Records contained in a dataset:
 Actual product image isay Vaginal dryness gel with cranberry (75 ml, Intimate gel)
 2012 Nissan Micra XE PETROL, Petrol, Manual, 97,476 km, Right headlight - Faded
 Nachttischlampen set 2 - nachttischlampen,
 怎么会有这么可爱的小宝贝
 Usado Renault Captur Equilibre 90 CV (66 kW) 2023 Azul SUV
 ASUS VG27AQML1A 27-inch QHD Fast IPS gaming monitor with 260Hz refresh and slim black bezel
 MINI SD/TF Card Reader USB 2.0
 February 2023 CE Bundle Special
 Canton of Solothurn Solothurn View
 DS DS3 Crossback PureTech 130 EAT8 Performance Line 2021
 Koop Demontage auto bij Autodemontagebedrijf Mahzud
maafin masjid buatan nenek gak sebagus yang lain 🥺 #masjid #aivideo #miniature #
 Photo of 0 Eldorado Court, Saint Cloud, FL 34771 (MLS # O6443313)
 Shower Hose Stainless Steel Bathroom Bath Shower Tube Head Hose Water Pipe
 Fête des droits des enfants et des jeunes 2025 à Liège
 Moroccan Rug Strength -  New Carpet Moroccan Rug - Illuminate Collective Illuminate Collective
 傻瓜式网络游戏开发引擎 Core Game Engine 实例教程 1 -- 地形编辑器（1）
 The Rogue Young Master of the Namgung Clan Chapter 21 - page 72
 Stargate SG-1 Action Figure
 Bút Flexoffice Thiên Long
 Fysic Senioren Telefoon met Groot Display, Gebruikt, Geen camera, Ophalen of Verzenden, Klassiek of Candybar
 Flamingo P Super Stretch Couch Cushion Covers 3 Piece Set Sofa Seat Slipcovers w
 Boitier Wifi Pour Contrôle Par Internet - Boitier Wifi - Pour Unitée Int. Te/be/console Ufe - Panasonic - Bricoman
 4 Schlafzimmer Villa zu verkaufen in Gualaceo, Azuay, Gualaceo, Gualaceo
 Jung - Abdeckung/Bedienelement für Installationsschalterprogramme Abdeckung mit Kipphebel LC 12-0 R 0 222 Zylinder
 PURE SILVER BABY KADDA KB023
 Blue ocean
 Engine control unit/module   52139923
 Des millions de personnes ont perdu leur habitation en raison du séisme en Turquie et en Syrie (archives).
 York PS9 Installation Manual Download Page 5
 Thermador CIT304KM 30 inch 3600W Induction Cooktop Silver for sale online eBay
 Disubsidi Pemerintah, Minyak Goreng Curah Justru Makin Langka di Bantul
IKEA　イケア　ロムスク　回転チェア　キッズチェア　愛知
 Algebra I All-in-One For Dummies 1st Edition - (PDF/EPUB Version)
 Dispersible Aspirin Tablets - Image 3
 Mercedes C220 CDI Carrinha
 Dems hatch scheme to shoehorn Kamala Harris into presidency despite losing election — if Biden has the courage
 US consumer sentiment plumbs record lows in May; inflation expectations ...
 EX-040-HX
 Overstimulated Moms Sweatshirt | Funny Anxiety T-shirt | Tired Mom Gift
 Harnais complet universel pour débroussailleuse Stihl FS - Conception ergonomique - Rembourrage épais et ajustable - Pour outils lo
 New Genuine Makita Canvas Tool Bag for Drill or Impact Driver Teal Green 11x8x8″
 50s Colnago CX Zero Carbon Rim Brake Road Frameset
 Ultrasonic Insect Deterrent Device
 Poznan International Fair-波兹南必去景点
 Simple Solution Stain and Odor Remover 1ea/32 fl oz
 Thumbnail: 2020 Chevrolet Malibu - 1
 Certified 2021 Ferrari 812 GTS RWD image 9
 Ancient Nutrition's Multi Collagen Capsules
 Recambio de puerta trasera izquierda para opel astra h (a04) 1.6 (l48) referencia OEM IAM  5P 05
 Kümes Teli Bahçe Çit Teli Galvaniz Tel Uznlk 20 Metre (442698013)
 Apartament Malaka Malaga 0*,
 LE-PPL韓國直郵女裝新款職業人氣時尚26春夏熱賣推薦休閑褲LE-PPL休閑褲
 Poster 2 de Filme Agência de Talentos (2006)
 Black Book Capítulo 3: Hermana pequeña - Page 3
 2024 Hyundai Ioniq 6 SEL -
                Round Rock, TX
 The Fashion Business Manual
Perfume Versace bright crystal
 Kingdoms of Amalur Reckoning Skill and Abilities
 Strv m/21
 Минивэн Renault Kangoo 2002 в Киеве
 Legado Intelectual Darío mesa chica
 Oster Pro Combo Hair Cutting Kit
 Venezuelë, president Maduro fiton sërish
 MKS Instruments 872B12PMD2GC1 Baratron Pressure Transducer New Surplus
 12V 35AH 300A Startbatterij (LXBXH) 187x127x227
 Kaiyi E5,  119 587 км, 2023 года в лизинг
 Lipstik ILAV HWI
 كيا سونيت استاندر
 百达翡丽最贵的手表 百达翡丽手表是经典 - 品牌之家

> _INSTRUCTIONS FOR THE TASK_:
Using the data above, transcribe the lines that run from the line with "Koop Demontage auto" to the line with "Photo of 0 Eldorado", both ends kept, and output nothing else.

> _SOLUTION_:
 Koop Demontage auto bij Autodemontagebedrijf Mahzud
maafin masjid buatan nenek gak sebagus yang lain 🥺 #masjid #aivideo #miniature #
 Photo of 0 Eldorado Court, Saint Cloud, FL 34771 (MLS # O6443313)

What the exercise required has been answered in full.